The public (as well as the pundits) can be excused for feeling, at this point, like scheduling a visit with their doctors to tell them: "I'm sick. I'm sick of hearing about health reform. Either do it or don't, but please, just put me out of my misery in hearing about it." Or having to write about it week-in and week-out, and desperately searching for unused metaphors to tickle a jaded public's fancy in some way. Ahem.

As you can probably tell, I'll be glad when this is all over. Which, if everything goes as planned, should be around next week at this time, when the Senate votes on the reconciliation package the House is about to vote on. Obama will quickly sign the second bill, and Congress will take yet another two weeks off on vacation, just because. Lively town hall meetings to follow, undoubtedly.

But before that happens, we've got another frenzy of a week to get through. Democrats are currently terrified that no matter which way they vote, they're toast in November. Republicans are terrified that once health reform actually happens, people will like it a lot better than the boogeyman scenario they've been peddling all along. Spending the election campaigning on "repeal the whole bill and start over" may indeed sound like a dandy idea to Republican strategists right about now. But voters are notoriously not happy when politicians try to take something away from them -- so it may not be all that smart an issue for Republicans six months hence, when the health care sky has been proven not to have fallen. Call it the "Republican Chicken Little Moment" if you will (and feel free to insert your own "acorn" joke here, if you feel the inclination).

While the political chattering class is absolutely consumed with the politics swirling around the upcoming vote, some other important stuff happened this week. One-fourth of Senate Republicans joined with most Democrats to pass a bipartisan jobs bill and put it on President Obama's desk for his signature. The media collectively yawned.

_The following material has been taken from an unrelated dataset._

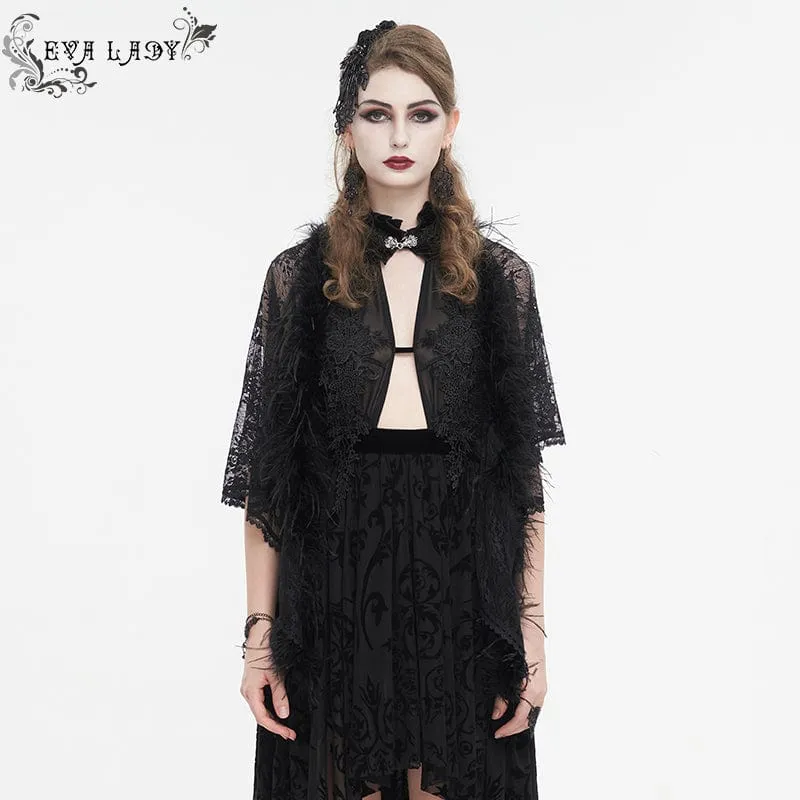 Damen Gothic-Umhang mit unregelmäßigem, flauschigem Saum und Spitze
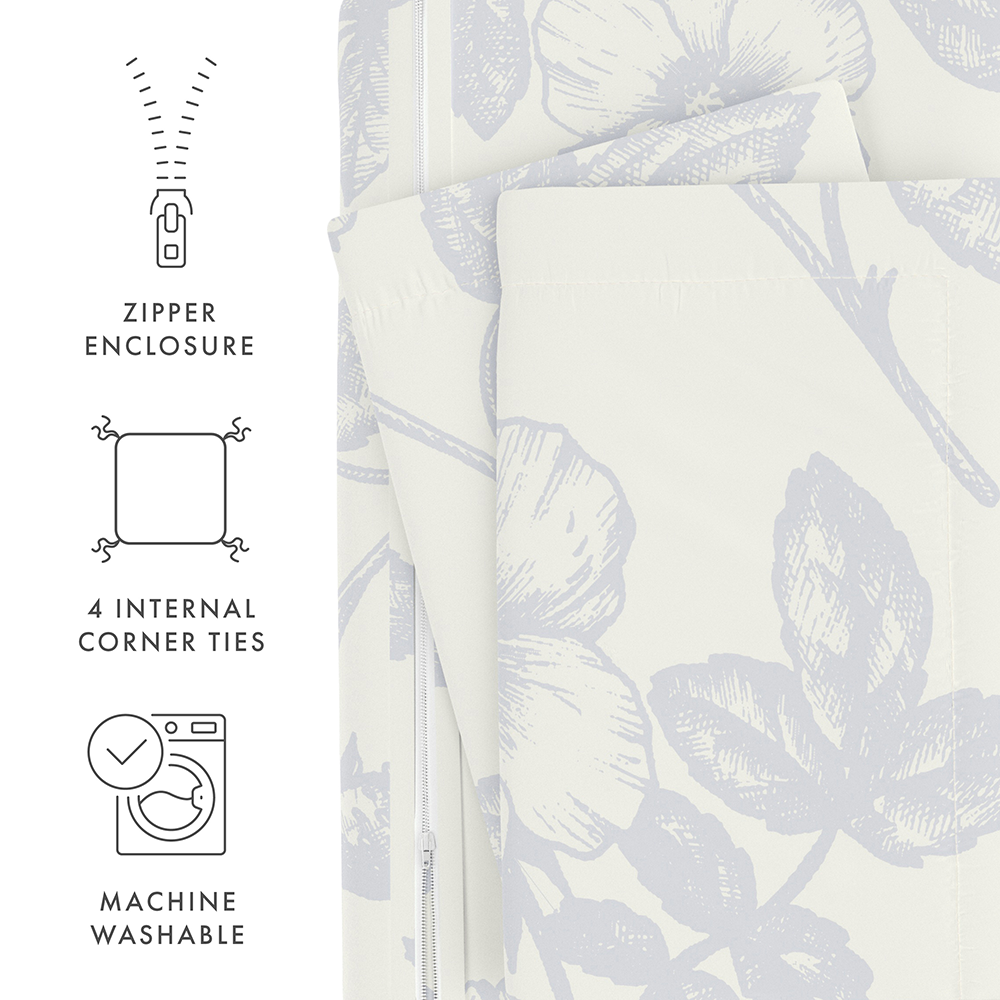 Floral Garden Print 3-Piece Duvet Cover Set - Queen Size Bedding with Pillow Shams - Perfect for Spring Refresh & Boho Bedroom Decor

Israel set off an enormous debate about settlements by its monumentally rude timing of an announcement they were going to build 1,600 more houses in the West Bank -- while Vice President Joe Biden was visiting. This later led to an angry phone call from Secretary of State Hillary Clinton.

Senators Charles Schumer and Lindsey Graham unveiled a new attempt at a comprehensive immigration bill. The two have been working in a bipartisan manner for a while now to hammer something out that both parties could, in theory, live with. Republican Graham will no doubt find it a tough sell to his fellow Republicans -- in an election year, no less -- but the fate of the Republican Party's future with Latino voters may hang in the balance. To cap this effort off, this Sunday there will also be a massive march and rally for immigration reform in Washington. Look for a fraction of the coverage the Tea Partiers have been getting (although, maybe not -- the Tea Party held a pathetically-small rally in Washington themselves this week, and only a few hundred (at most) turned out for it -- which the media actually took note of).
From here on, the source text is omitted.